Os pequenos Estados insulares e as ilhas de baixa altitude são particularmente vulneráveis por falta de recursos, afirma Hélène Jacot des Combes, baseada em Fiji, especialista em gestão de riscos para desastres na Universidade do Pacífico Sul, e uma das principais autoras do relatório.
“Qualquer que seja a solução encontrada, deve ser feita em cooperação com a comunidade global”, reivindica. Quanto à proteção costeira, o relatório salienta a importância de preservar as barreiras naturais contra as marés, como os mangues e zonas úmidas.
Mas a capacidade de adaptação tem limites, se as emissões continuarem aumentando, adverte o também coautor do relatório Matthias Garschagen, professor de geografia e especialista em pesquisa de risco na Universidade Ludwig Maximilian, em Munique.

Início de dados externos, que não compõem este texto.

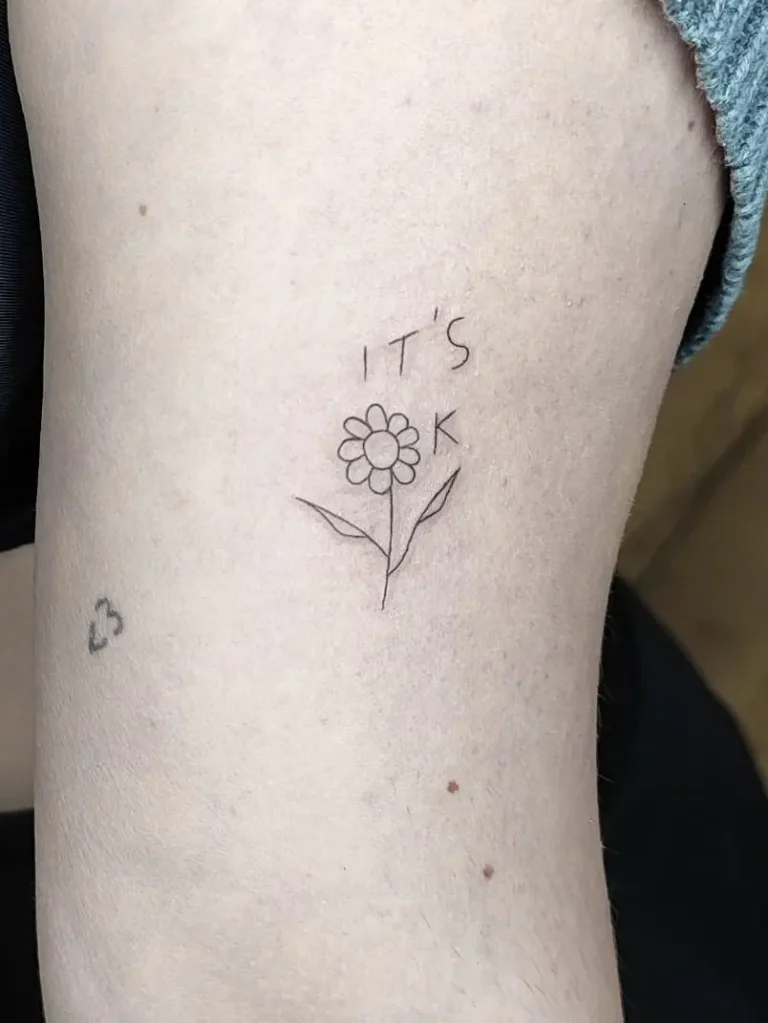 Tattoo de flor tipo margarita lineal con la frase It´s ok en el brazo
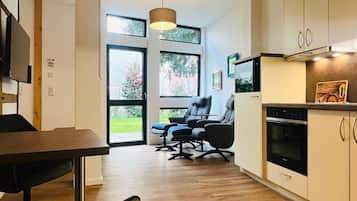Een moderne keuken met houten vloeren, een eethoek met een tafel en stoelen, en een zithoek met een bank en fauteuils.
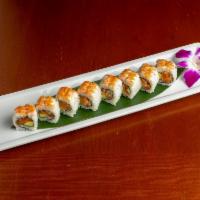 Oregon Roll · 8 pieces. Creamy salmon, avocado, white onion, green onion and masago, topped with shrimp.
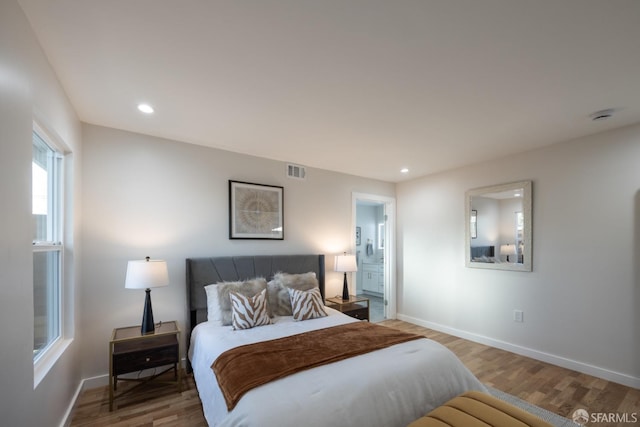 bedroom with connected bathroom and hardwood / wood-style flooring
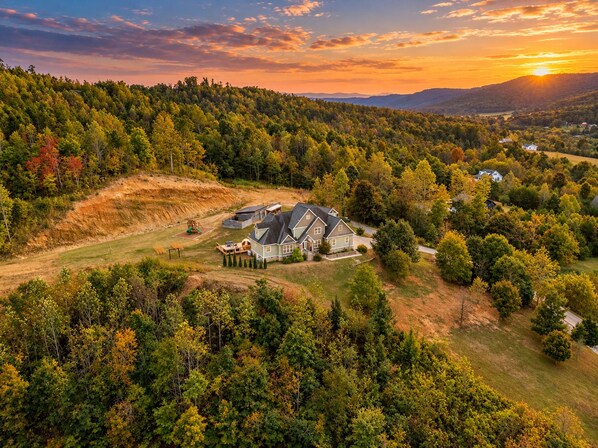 A residential area with a large house surrounded by dense forest, a playground, and a clear view of the sunset. - Private Estate • Hot Tub • Sauna • Game Room • Theater • Gym • Saloon • Mtn View (Trenton)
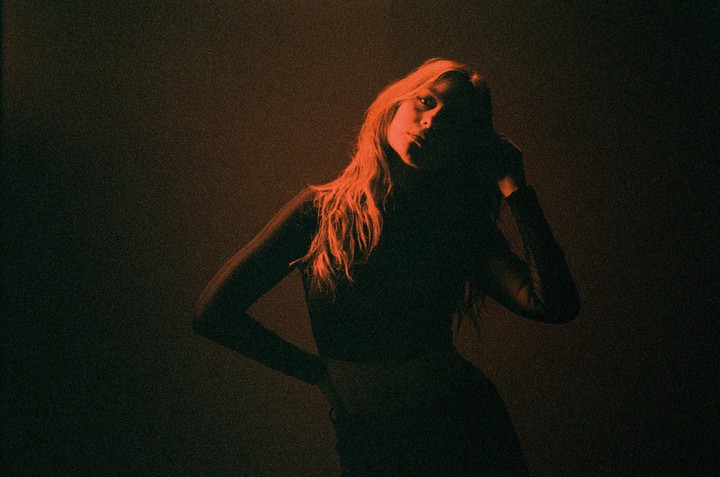 A woman with long hair is illuminated by red light in a dark room.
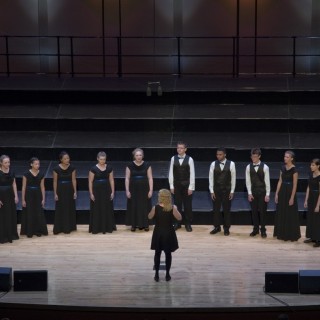 a semicircle of performers in black on a stage singing under the direction of a conductor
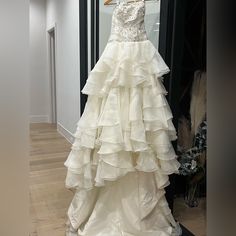 a wedding dress on display in a store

Com cada metro de elevação do nível do mar, os custos para a proteção das costas aumentam, e o espaço nas pequenas ilhas diminui, afirma Garschagen. “Os modelos mostram que as populações só têm uma chance de adaptação bem-sucedida nos cenários de baixas emissões.”
As principais vítimas
Os cientistas do IPCC sublinham que os países menos responsáveis pela mudança climática são os mais afetados pelas alterações no oceano e na criosfera. O degelo nas montanhas e no Ártico tem tido um impacto negativo na saúde humana, nos meios de subsistência e mesmo no acesso a comida e bebida, aponta o relatório. Prevê-se que o risco de catástrofes para os povoados nas montanhas e no Ártico aumente à medida que habitantes e edifícios forem ficando mais expostos a riscos como inundações e avalanches.
A perda de populações de peixes, devido à acidificação dos oceanos, poderá ameaçar a dieta de centenas de milhares de seres humanos, muitos das quais já lutam para se alimentarem. De acordo com a Organização das Nações Unidas para a Alimentação e Agricultura (FAO), os peixes representam 17% da proteína animal consumida. Além disso, algumas comunidades indígenas nas montanhas verão secar suas fontes de água.
“Há bem pouco de positivo para se ver”, afirma John Tanzer, especialista em oceanos da organização ambiental WWF. “Eu não sei se nos países ricos ‘caiu a ficha’ quanto às possíveis consequências humanitárias, que provavelmente vão se acelerar.”
Se agirem agora, contudo, as autoridades poderão limitar os danos. A proteção costeira pode reduzir o risco de inundações em dezenas a centenas de vezes neste século, indica o relatório – se os governos investirem até centenas de bilhões de dólares. Os autores acrescentam que mudanças econômicas e institucionais “profundas” permitirão o desenvolvimento sustentável, em face das mudanças nos oceanos e nas regiões geladas. “Realizar esse potencial depende de mudanças transformadoras”, concluem.